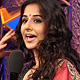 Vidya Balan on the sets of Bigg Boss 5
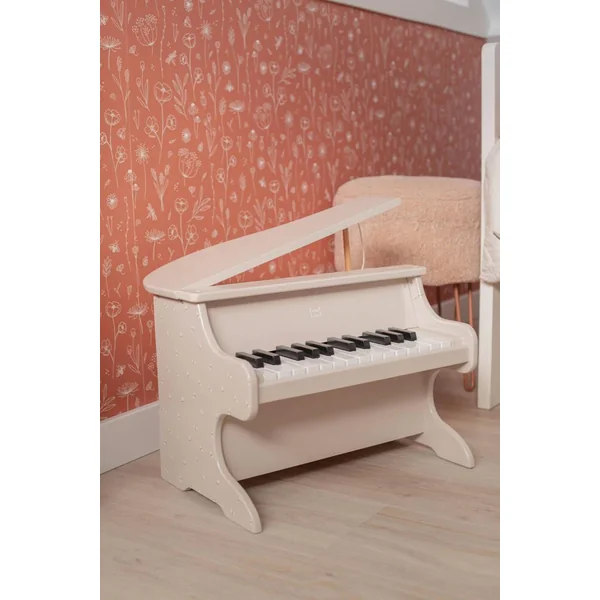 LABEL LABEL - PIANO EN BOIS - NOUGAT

* * *

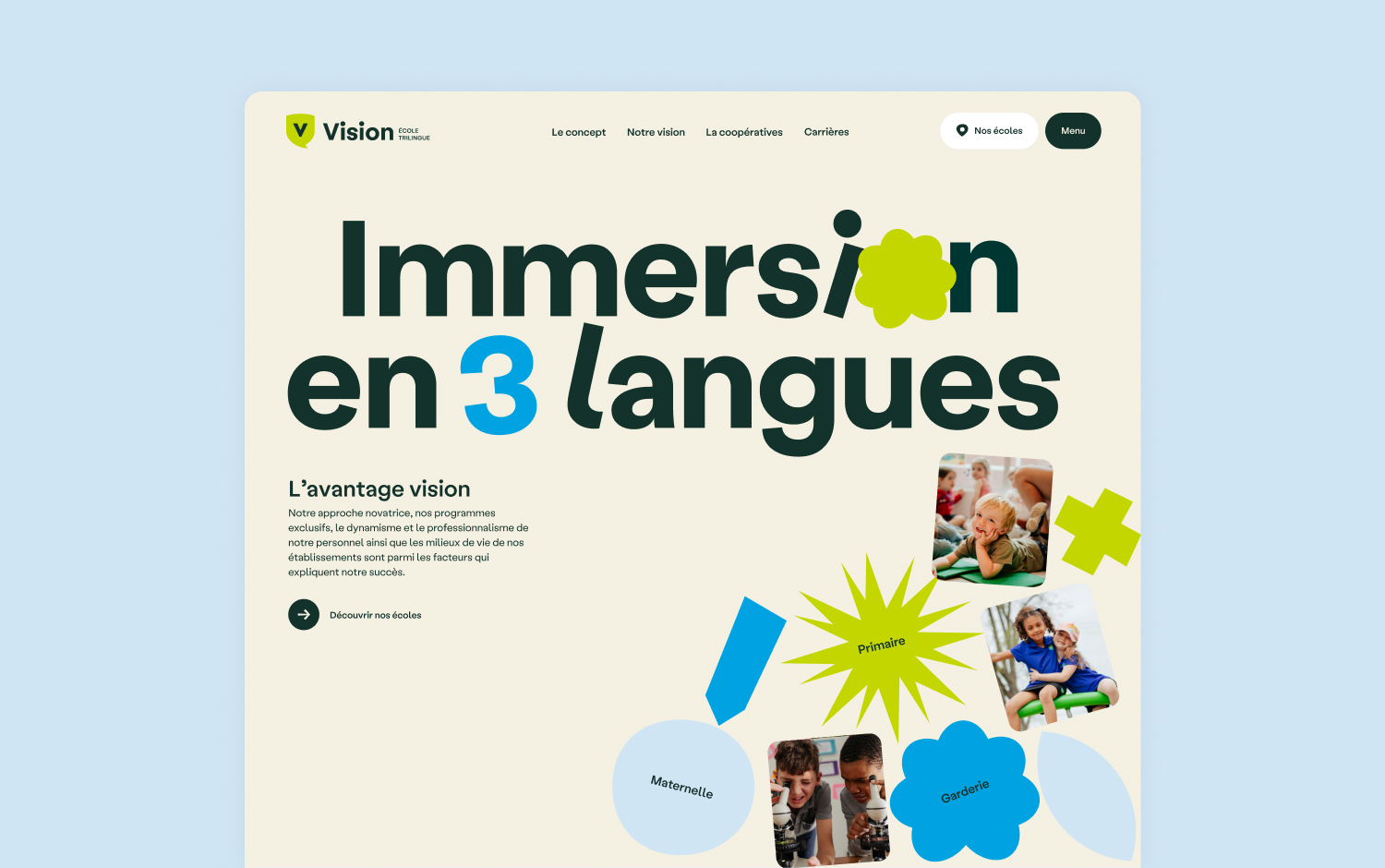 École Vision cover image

> [Aim of the task] Return the material from the line containing "Vidya Balan on the sets of Bigg Boss 5" through the line containing "LABEL LABEL - PIANO EN BOIS - NOUGAT", exactly and in full, but without its pictures.

> [Answer to the problem]
 Vidya Balan on the sets of Bigg Boss 5
 LABEL LABEL - PIANO EN BOIS - NOUGAT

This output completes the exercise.